Wednesday, February 24, 2016

Two years past, two steps back

It’s funny how a guy will turn down the music when he’s forced to concentrate on watching for certain street signs and exits off the freeway.

I sit here with similarly down-turned music (and a contrastingly-high blood alcohol content), having just finished reliving the recent years of my past as chronicled on this very blog. It's time to concentrate, and to write.

Holy shit, I miss some of the old me.

The thing is, nobody I know or have ever heard of has looked back on their past selves and said “They’ve got it figured out, much more than I do right now!” The benefit of hindsight is 20/20, which is an ironic presence of the number 20, considering we’re often looking back at our 20s and wondering how the hell we were ever so naive and innocent!

Anyways, it’s been 729 days - nearly two years to the day - that I last uploaded an entry to this blog.
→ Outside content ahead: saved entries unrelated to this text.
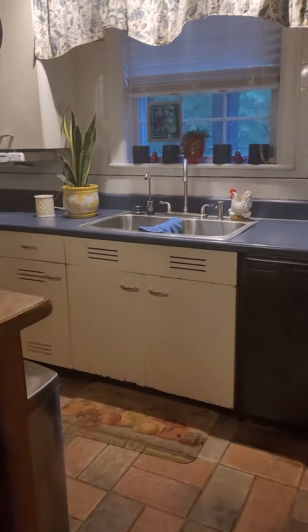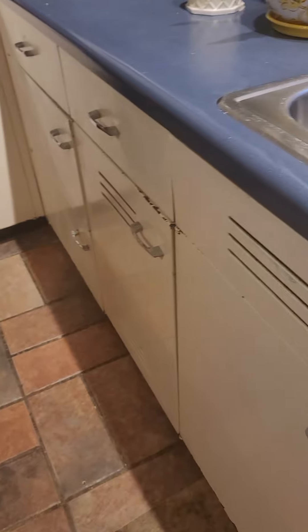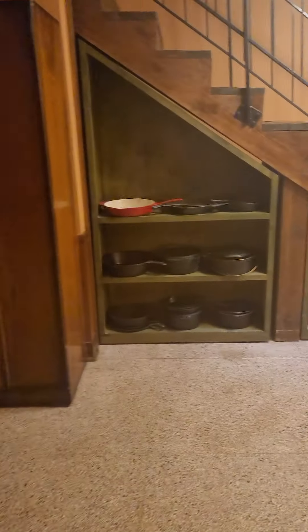Coming into the kitchen, it's small but has original countertops and original cabinets — they are metal. Then you have the stairwell area.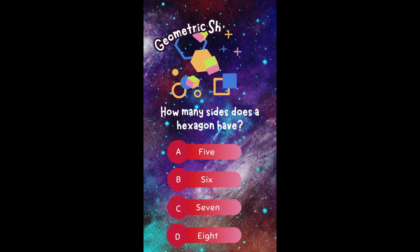How many sides does a hexagon have? A. Five. B. Six. C. Seven. Or D. Eight.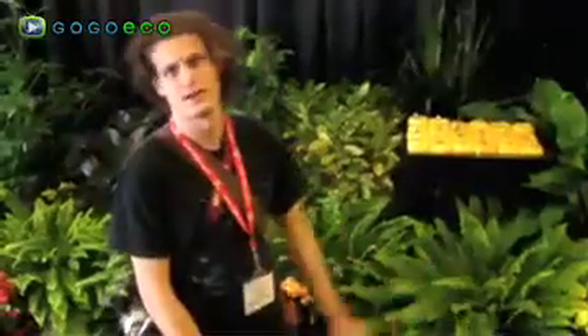We're at the Canadian Greenhouse Conference in Toronto and we're going to look around and try to find something that is truly green. I'm Amy from AWE.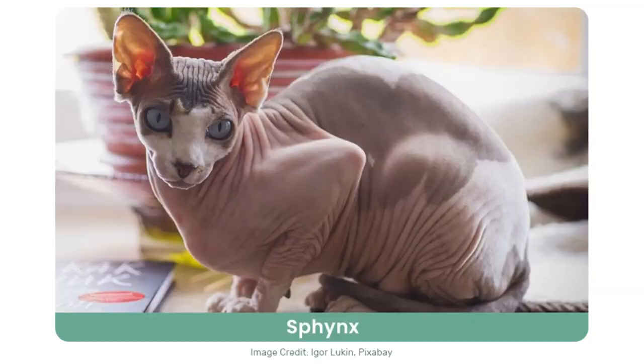And then finally, hairless cats. These cats are very popular with people who suffer from cat allergies because of their basically bald bodies. There aren't too many hairless cat breeds, so if your cat has no hair, then they're most likely one of the following breeds.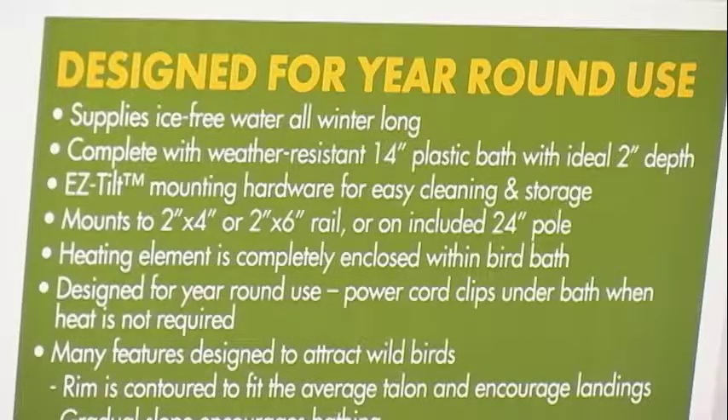Birds will melt snow, but they need to use their physical energy to actually do that. So if they're just barely surviving and it's minus 30 out there, the birds need easy access to water because they need water, food, and shelter — that's the three main things that they need. And a heated bird bath is a great way to go.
I started out so strong, wrote things I was and still am immensely proud of… Then it fell apart. I quit writing because I was writing for the wrong reasons. I shouldn’t write verbose, self-aggrandizing bullshit that only ends up being a wordy way of saying “Hey everybody! Look at me! I exist!” Writing for validation isn’t the right reason to be writing at all.

It’d be a lie to say that I miss it, though. The validation, that is. Three years ago, I found myself at my lowest weight in recent history, skinny-dipping with hotties at midnight, sucking at the teet of validation just enough to keep me afloat. I’ve since dialed back on all that, retreated myself to a more safe place, not content to continue the habits that led to such success and excess.

But whatever, fuck it, I’m back at my keyboard, typing away now. I suck back at the bottle not because I’m digging for courage or answers at the bottom of it, but because I genuinely love the taste of an India Pale Ale now. I’ve been at my lowest weight, I’ve gained it all back, and yo-yoed again since those halcyon times. I’m currently on the rebound, but don’t pat my back yet.

Who knows what this summer will bring? Maybe I’ll get to relive the adventures of ‘13, maybe I’ll get to even get to be set up with a girl I’d love to be with (had we not been two different people) like the summer of ‘15. Maybe this year, my latest crush will become more than that and I’ll finally have someone who’s not my brother to share a tent with, up on that island on the Canadian border!

Whatever transpires, we’re still in the grasp of February, and while El NiƱo has been blessing us with a mild winter, there’s still plenty of time to mold myself - both physically and mentally - into the person who desires and deserves a summer of love, a summer of excess,  a summer of adventure.

I’m not promising to write anything more. While I’ve had literally hundreds of burgers in the meantime, I don’t think I’m meant to be a cheeseburger power ranker like I once attempted.  But I’ll try to write as my mood affords. Whether anybody cares to read, I don’t care.

I’m not writing for your validation, anymore. Now, I’m writing for my confirmation.